Senin, 11 Juli 2022

RENUNGAN TENTANG MENERIMA SESAMA APA ADANYA

 

Seorang frater mendapat bimbingan dari pembinanya bahwa sebagai murid Yesus, kita harus menerima sesama apa adanya. Kita jangan pilih-pilih atau menilai sesuai selera kita. Nasehat ini selalu diingat baik oleh sang frater. Setiap bangun pagi atau saat beranjak ke peraduan malam, ia selalu berguman, “Harus menerima sesama apa adanya.” Gumanan itu bukan cuma sekali saja tapi berkali-kali didaraskan sampai dirinya terlelap.

Setelah menyelesaikan skripsinya, sang frater pergi TOP di sebuah paroki. Pada suatu hari, ketika sedang mengunjungi umat, sang frater melihat seorang bapak sedang memarahi seorang anak kecil dan memukulnya. Anak itu menangis dan minta ampun, tapi bapak itu terus memarahinya sambil sesekali tangannya mencubiti tubuh anak itu.

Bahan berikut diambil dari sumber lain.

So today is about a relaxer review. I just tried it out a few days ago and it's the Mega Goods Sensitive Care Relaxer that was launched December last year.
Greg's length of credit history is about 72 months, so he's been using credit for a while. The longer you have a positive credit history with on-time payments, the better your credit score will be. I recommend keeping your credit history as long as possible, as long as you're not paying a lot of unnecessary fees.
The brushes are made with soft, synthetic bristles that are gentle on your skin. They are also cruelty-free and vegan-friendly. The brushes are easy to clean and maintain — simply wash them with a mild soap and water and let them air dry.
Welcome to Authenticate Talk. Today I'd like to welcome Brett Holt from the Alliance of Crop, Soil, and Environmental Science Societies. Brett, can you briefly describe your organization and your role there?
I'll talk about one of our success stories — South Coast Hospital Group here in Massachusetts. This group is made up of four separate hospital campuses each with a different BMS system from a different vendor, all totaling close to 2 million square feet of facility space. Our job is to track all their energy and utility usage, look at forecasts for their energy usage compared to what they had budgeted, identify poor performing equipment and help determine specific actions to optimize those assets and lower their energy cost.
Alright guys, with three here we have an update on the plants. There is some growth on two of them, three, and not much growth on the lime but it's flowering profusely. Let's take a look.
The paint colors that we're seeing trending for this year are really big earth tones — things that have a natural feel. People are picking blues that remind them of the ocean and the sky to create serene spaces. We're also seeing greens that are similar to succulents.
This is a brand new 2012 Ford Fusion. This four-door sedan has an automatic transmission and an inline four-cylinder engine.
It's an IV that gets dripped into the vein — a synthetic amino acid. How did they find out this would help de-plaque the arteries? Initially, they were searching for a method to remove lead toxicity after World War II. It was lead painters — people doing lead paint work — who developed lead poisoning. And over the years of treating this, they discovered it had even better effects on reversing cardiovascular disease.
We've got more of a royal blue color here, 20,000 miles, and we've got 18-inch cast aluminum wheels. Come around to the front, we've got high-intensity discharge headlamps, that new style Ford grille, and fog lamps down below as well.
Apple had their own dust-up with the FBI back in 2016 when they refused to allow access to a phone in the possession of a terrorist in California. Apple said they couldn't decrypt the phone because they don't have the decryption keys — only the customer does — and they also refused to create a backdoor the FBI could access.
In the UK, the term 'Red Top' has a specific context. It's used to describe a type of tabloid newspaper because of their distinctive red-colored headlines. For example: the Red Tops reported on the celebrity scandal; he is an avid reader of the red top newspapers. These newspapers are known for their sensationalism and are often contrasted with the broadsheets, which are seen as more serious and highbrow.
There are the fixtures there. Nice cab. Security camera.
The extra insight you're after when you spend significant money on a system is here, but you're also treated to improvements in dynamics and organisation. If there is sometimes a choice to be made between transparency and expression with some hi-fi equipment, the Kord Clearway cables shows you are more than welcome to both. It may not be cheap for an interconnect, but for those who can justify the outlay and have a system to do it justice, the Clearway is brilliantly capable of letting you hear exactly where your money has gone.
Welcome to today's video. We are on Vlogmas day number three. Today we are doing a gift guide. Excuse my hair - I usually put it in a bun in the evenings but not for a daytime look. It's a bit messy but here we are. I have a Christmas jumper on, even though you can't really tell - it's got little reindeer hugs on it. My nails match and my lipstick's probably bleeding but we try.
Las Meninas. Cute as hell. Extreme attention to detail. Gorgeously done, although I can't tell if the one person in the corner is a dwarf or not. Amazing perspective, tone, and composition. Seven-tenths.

Frater mendekat. “Bapak, tak baik memukuli anak bapak. Kan dia sudah minta maaf. Bapak harus menerima anak bapak apa adanya.”

“Oh frater,” ujar bapak itu sambil menoleh. “Kebetulan anak ini bukan anak saya.”

Suatu ketika, saat frater sedang duduk santai di pastoran, seorang ibu muda datang. Wajahnya sembab, karena habis menangis. Kepada sang frater, ibu muda ini bercerita, atau istilah kerennya curhat, tentang masalah keluarganya. Secara khusus masalahnya dengan sang suami. Ia baru 8 bulan menikah. Suami ibu ini sering mabuk dan pulang larut malam. Di rumah dia suka membentak-bentak. Tak jarang juga sang suami memukul dirinya. Padahal 3 bulan pertama hidup mereka bahagia. Apalagi waktu pacaran. Hidup terasa sangat indah. Tapi kini seperti neraka.

Dengan serius sang frater mendengarkan keluhan ibu itu. Sesekali ia mengangguk kepala. Setelah ibu itu selesai berkisah, mulailah frater ini berkata-kata. Nasehat biblis, filosofis, moral, etis, teologis serta psikologis mengalir begitu lancar. Terakhir, sebelum ibu itu pulang, sang frater berujar, “Ibu harus banyak berdoa. Dan jangan lupa, ibu harus menerima suami ibu apa adanya. Bukankah waktu mau menikah, ibu sudah menyatakan hal itu?”

Di lain waktu, seorang mudika datang curhat sama frater. Dengan jujur dia mengatakan kalau saat itu dia lagi musuhan dengan temannya. Dia sangat membenci temannya itu. Alasannya, sudah beberapa kali temannya ini menyakitinya. Di samping itu juga, temannya ini sering berlaku buruk terhadap orang lain sekalipun sudah sering dinasehati.

Frater langsung menasehati, “Kamu harus menerima dia apa adanya.”

“Sudah frater.” Ungkap mudika itu. “Saya sudah menerima dirinya apa adanya. Yang tidak saya terima kini itu bukan dirinya.”

“Maksudnya?” Tanya frater sedikit bingung.

“Yang saya benci dan saya musuhi itu bukan dirinya. Kalau yang dirinya saya terima. Yang baik dan juga yang tidak baik.”

Setelah selesai masa TOP, sang frater kembali ke seminari. Gaya hidup waktu TOP, tetap terbawa di seminari. Meski ia tahu di seminari seorang frater tidak diperbolehkan memiliki HP, sang frater ini tetap membawa HP kenang-kenang umat. Gaya hidup yang longgar di paroki pun terbawa di seminari. Sang frater sering keluar dari seminari tanpa pamit.

Karena sikap dan tingkah lakunya inilah, suatu ketika ia dipanggil pembimbing rohaninya. Sang pembimbing ini memberinya nasehat. Sang frater hanya mengangguk-angguk kepalanya. Setelah pembimbingnya ini selesai berbicara, sang frater balik berkomentar, “Romo. Inilah saya. Romo harus menerima saya apa adanya.”

“Betul sekali, frater!” Sang pembimbing membalas bijak. “Kita harus SALING menerima sesama kita apa adanya. Jadi, frater juga harus menerima saya apa adanya. Kebetulan, saya tidak bisa menerima orang apa adanya.”